Why this paper matters

Before LM (2011), textual analysis in finance imported general-purpose sentiment dictionaries (e.g. Harvard's General Inquirer, specifically the IV-4 Psychosocial Dictionary) and counted words. The problem: those dictionaries flag words like liability, vice, cost, expense, tax as negative. In 10-K filings, and in financial contexts more generally, these are mostly sentiment-neutral accounting terms rather than negative-sentiment words, so the resulting "negativity" score is noisy.

LM (2011) built a domain-specific Sentiment Dictionary by hand-tagging 80,000+ words from 10-Ks and showed that this finance-tuned dictionary's negative-tone score (hereinafter referred to as Fin-Neg):

  • Is negatively associated with filing-period (four-day window) excess returns.
  • The result is statistically significant at the 1 % level, outperforming a Harvard-dictionary-based "noise" measure that even has the wrong sign.

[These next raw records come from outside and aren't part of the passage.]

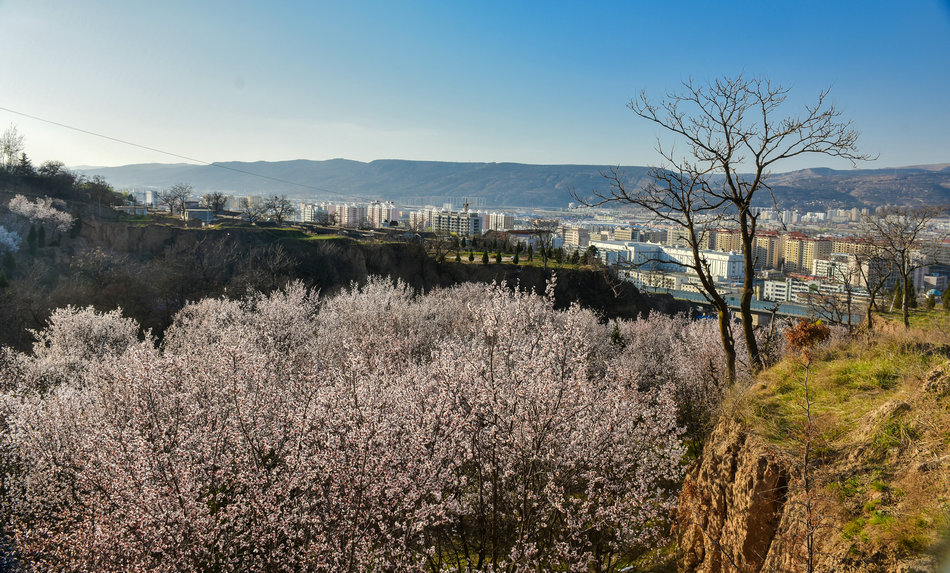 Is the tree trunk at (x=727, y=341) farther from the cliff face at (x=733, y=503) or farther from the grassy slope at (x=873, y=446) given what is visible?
the cliff face at (x=733, y=503)

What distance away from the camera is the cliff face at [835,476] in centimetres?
507

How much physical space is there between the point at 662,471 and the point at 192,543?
8605 mm

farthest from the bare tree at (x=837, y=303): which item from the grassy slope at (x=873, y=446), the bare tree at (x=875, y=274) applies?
the grassy slope at (x=873, y=446)

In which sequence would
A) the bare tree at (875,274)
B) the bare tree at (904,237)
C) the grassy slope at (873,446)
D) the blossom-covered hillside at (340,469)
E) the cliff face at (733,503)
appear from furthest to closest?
1. the bare tree at (904,237)
2. the bare tree at (875,274)
3. the blossom-covered hillside at (340,469)
4. the cliff face at (733,503)
5. the grassy slope at (873,446)

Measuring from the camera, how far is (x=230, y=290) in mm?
42562

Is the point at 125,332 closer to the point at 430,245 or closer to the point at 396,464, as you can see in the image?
the point at 396,464

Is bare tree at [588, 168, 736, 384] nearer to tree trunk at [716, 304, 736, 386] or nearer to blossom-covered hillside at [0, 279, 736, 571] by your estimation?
tree trunk at [716, 304, 736, 386]

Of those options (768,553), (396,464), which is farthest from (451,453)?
(768,553)

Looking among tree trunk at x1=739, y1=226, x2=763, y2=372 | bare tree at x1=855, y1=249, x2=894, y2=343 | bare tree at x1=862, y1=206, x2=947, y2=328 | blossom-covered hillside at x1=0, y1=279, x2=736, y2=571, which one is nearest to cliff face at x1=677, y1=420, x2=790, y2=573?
blossom-covered hillside at x1=0, y1=279, x2=736, y2=571

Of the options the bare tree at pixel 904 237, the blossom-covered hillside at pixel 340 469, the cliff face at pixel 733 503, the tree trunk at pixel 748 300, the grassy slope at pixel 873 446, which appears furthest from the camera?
the bare tree at pixel 904 237

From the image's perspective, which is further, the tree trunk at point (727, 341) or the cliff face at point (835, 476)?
the tree trunk at point (727, 341)

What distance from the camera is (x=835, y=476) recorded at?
20.0 feet

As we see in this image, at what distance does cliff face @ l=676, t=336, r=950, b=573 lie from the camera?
5.07 m

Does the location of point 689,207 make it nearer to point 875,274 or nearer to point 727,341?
point 727,341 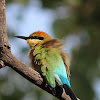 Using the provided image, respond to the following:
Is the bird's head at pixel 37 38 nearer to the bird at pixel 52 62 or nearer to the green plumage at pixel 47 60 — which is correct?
the bird at pixel 52 62

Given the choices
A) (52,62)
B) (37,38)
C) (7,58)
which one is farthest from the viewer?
(37,38)

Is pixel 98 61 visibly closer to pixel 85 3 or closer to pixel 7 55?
pixel 85 3

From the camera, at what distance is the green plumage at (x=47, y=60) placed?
259 centimetres

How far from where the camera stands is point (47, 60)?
275 centimetres

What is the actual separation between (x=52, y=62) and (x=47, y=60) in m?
0.05

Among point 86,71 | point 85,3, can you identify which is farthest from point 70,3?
point 86,71

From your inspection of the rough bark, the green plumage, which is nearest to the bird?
the green plumage

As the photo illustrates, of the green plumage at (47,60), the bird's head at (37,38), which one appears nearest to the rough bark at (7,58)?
the green plumage at (47,60)

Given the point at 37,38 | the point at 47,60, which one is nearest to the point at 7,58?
the point at 47,60

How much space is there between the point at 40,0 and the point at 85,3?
842 mm

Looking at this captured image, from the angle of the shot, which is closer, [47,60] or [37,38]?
[47,60]

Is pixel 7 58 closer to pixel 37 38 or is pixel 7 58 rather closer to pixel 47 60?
pixel 47 60

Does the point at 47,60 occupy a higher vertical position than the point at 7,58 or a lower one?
lower

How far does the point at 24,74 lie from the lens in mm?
2330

The paper became foundational for empirical finance NLP — the dictionary is downloaded thousands of times a year and is the de-facto standard for English-language financial-text sentiment.


Replication snapshot

Cell This repo LM (2011)
Table I final sample 50,902 firm-years / 8,937 firms 50,115 / 8,341
Table II Fin-Neg mean 1.36 % 1.39 %
Table IV col(2) Fin-Neg t-stat −2.99 −2.64
Table IV col(4) Fin-Neg tf-idf t-stat −2.69 −3.11
Table V col(2) Fin-Neg MD&A t-stat −3.47 −0.68
Table V col(4) Fin-Neg tf-idf MD&A t-stat −3.39 −1.96
2.35 – 2.58 % 2.45 – 2.76 %

Two weighting schemes:

Columns (2) and (4) report two weightings of the LM negative-word list: (a) Fin-Neg is the proportional measure: the number of words in a filing that appear in the negative-word list, divided by the filing’s total word count; (b) Fin-Neg tf-idf reweights those same words using tf-idf, as defined below (Eq. 1 in the paper):

$$w_{i,j}=\frac{1+\log(tf_{i,j})}{1+\log(a_i)}\log\frac{N}{df_j},\qquad tf_{i,j}\ge 1,$$

where $w_{i,j}$ denotes the weight of negative word $j$ in filing $i$; $tf_{i,j}$ is the count of word $j$ in filing $i$; $a_i$ is the filing’s total word count; $N$ is the number of 10-Ks in the corpus; and $df_j$ is the number of 10-Ks containing word $j$. The document-level Fin-Neg tf-idf score is the sum of the weights of all negative words: $$Score_i=\sum_j w_{i,j}$$.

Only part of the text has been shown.